Part 12

784 68 4
                                    


Bukan sebuah peluk atau ciuman
Mampuku sebatas kalimat sederhana
"Sabar ya kamu yang kuat"

_____________________________________

Apa ungkapan yang bisa diucapkan untuk seseorang yang bukan siapamu tetapi pikiranmu akan habis untuknya?

Janan mulai merenung, apakah karena musibah yang sedang menimpa Abi ataukah memang otaknya yang terlalu termanja oleh satu hal yang dinamakan rasa.

Rasa pada seseorang yang diam-diam mulai ia sebutkan namanya dalam doa. Rasa yang semakin membuatnya merasa bersalah. Bukan pada seseorang tetapi pada dirinya sendiri dan Sang Pemilik diri.

Ia merasa menjadi seperti seorang munafik, dalam raga yang selalu menjaga tetapi jiwanya terbang terbuai pesona sesuatu yang haram untuk dijamahnya.

Baru kali ini Janan merasa jantungnya berdetak lebih cepat disertai jemari dingin yang memucat setiap bertemu dengan dia. Dia yang mulai mengisi relungnya setelah usianya menginjak duapuluh tahun.

Dia adalah seorang Amran, ABG labil yang dikenal belum ada satu tahun tapi sudah mengisi harinya, gaya tengil santai dan serius yang tercipta bersamaan. Dia selalu membuat Janan tercekat, sesaat lupa dimana ia berpijak.

Kembali ia merenungi tujuan awal datang ke Jogjakarta, menuntut ilmu dunia dan akhirat. Tapi agaknya tujuan itu mulai goyah, ia harus meluruskan niat dan membulatkan tekad lagi sebelum terlambat, meskipun itu berat.

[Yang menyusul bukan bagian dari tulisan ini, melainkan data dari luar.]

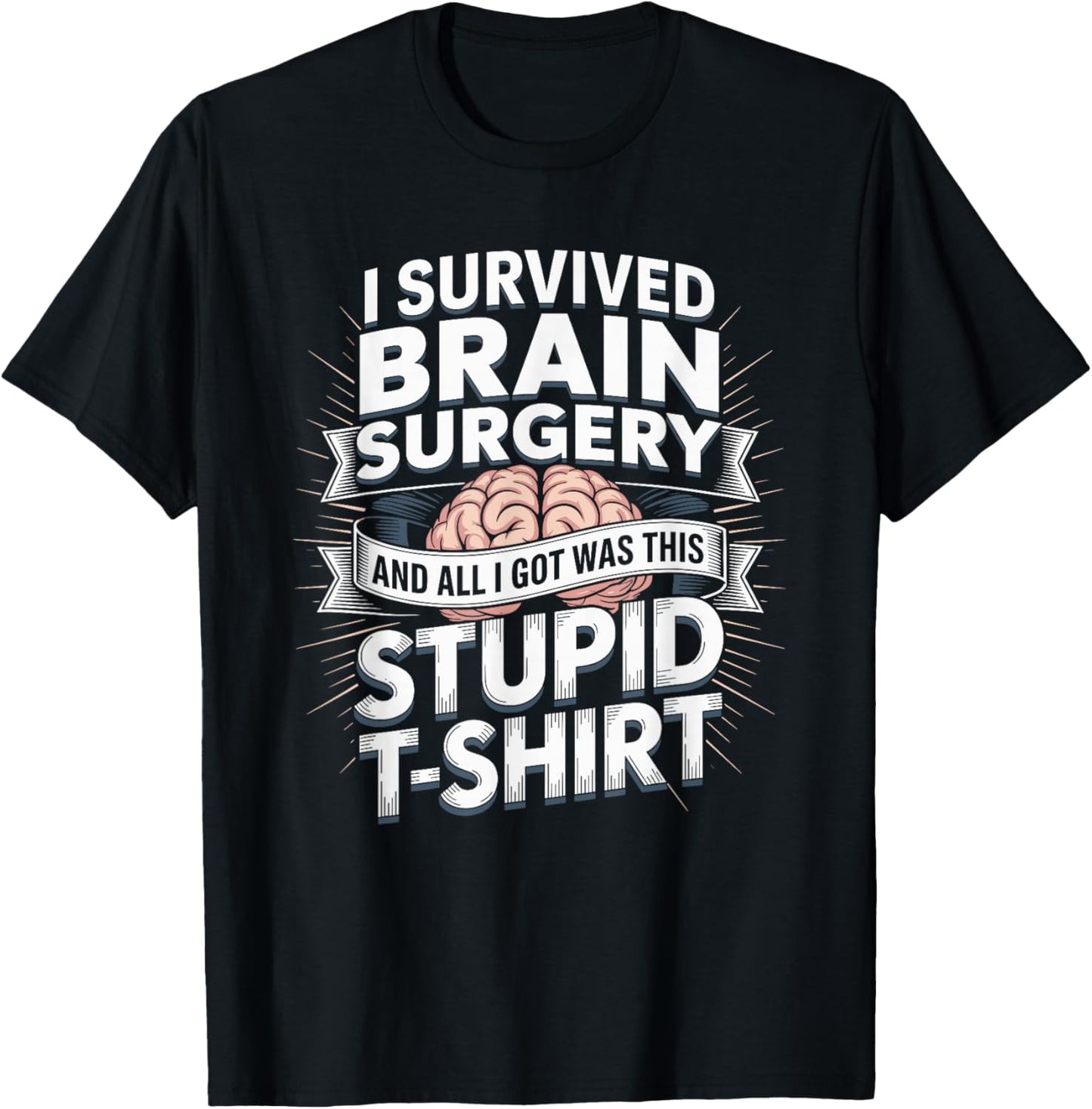 I Survived Brain Tumor Surgery All I Got was This Stupid T-Shirt - T-Shirt | Black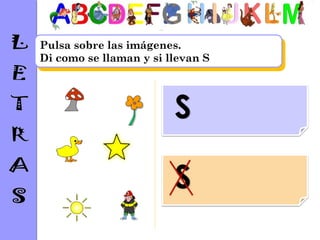 Pulsa sobre las imágenes.
Di como se llaman y si llevan S




                        S

                        S
 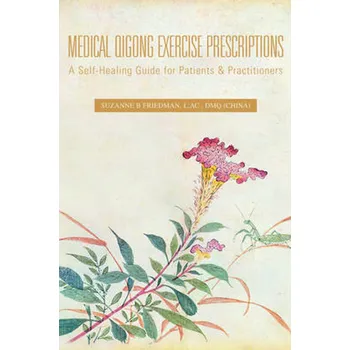 Medical Qigong Exercise Prescriptions: A Self-Healing Guide for Patients and Practitioners - S. B. Friedman, L. Dmq [EN] (2006, brožovaná)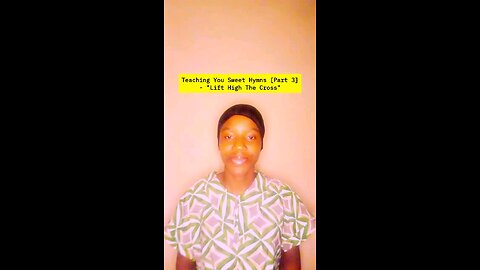 Teaching You Sweet Hymns [Part 3]- "Lift High The Cross" #fyp#Whattowatch#Viral#2025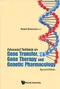 *Advanced Textbook on Gene Transfer, Gene Therapy and Genetic Pharmacology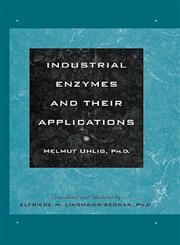 Industrial Enzymes and Their Applications,0471196606,9780471196600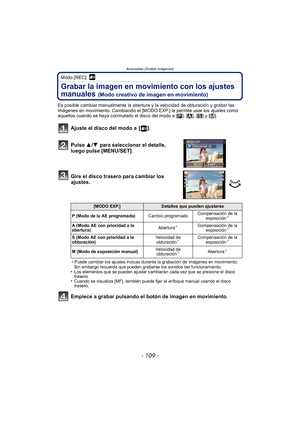 Page 109- 109 -
Avanzadas (Grabar imágenes)
Modo [REC]: 
Grabar la imagen en movimiento con los ajustes 
manuales 
(Modo creativo de imagen en movimiento)
Es posible cambiar manualmente la abertura y la velocidad de obturación y grabar las 
imágenes en movimiento. Cambiando el [MODO EXP.] le permite usar los ajustes como 
aquellos cuando se haya conmutado el disco del modo a [³], [ ±], [ ´] y [ ²].
Ajuste el disco del modo a  [ ].
Pulse  3/4  para seleccionar el detalle, 
luego pulse [MENU/SET].
Gire el disco...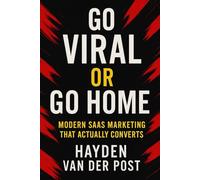 Go Viral or Go Home: Modern SaaS Marketing That Actually Converts: A data-driven guide to acquiring users, reducing churn, and building a growth engine that compounds.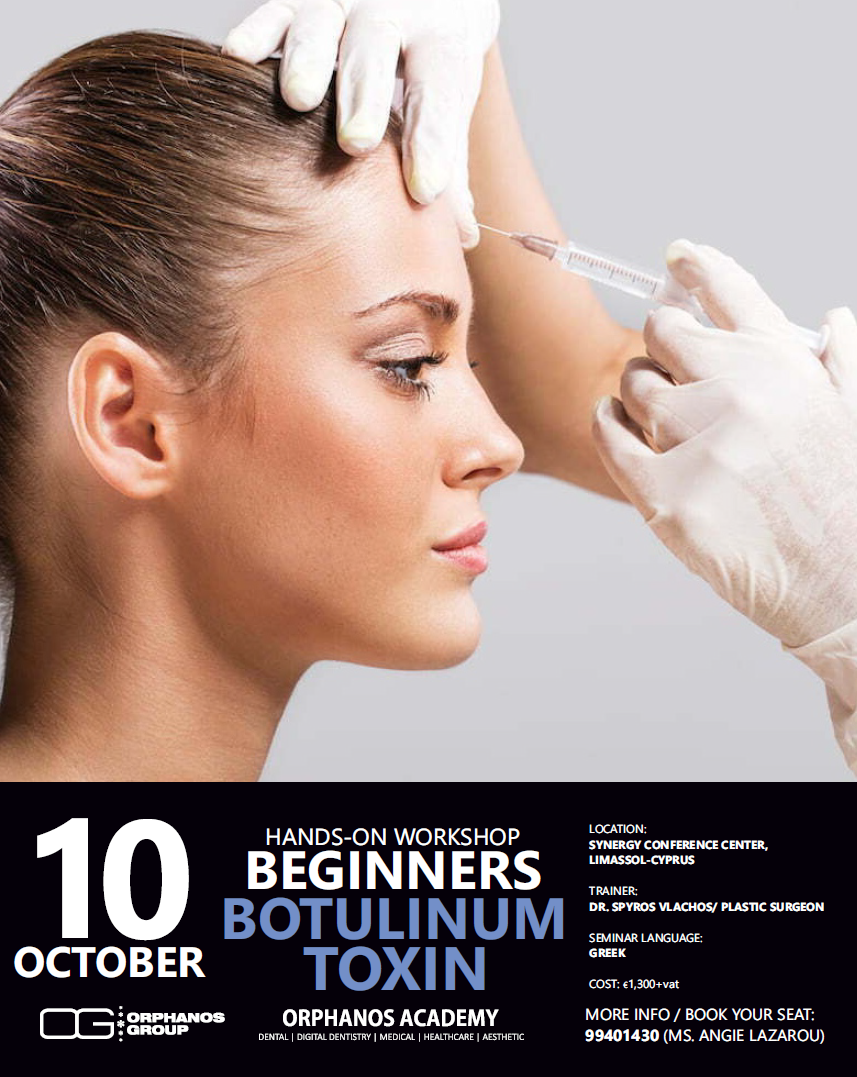 HANDS-ON WORKSHOP, BEGINNERS BOTULINUM TOXIN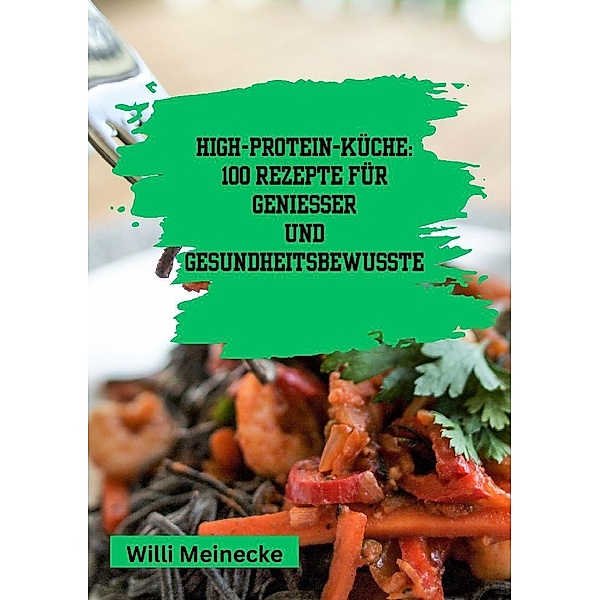 High-Protein-Küche: 100 Rezepte für Genießer und Gesundheitsbewusste, Willi Meinecke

Jikapun Janan akan masa bodoh dengan perasaannya, tetapi nyatanya takdir seperti selalu mempertemukannya​ dengan pemuda itu, tepat seperti hari ini. Hari ketiga Abi masih dirawat di rumah sakit.

Abi masih dalam kondisi koma, perihal kapan Abi sadar tidak ada yang bisa menentukan kecuali Sang Pemilik. Apapun akan Janan lakukan untuk sedikit meringankan beban keluarga Abi, seperti saat ini Janan sedang menemani ummi di rumah sakit. Janan harus tau bagaimana caranya berterima kasih.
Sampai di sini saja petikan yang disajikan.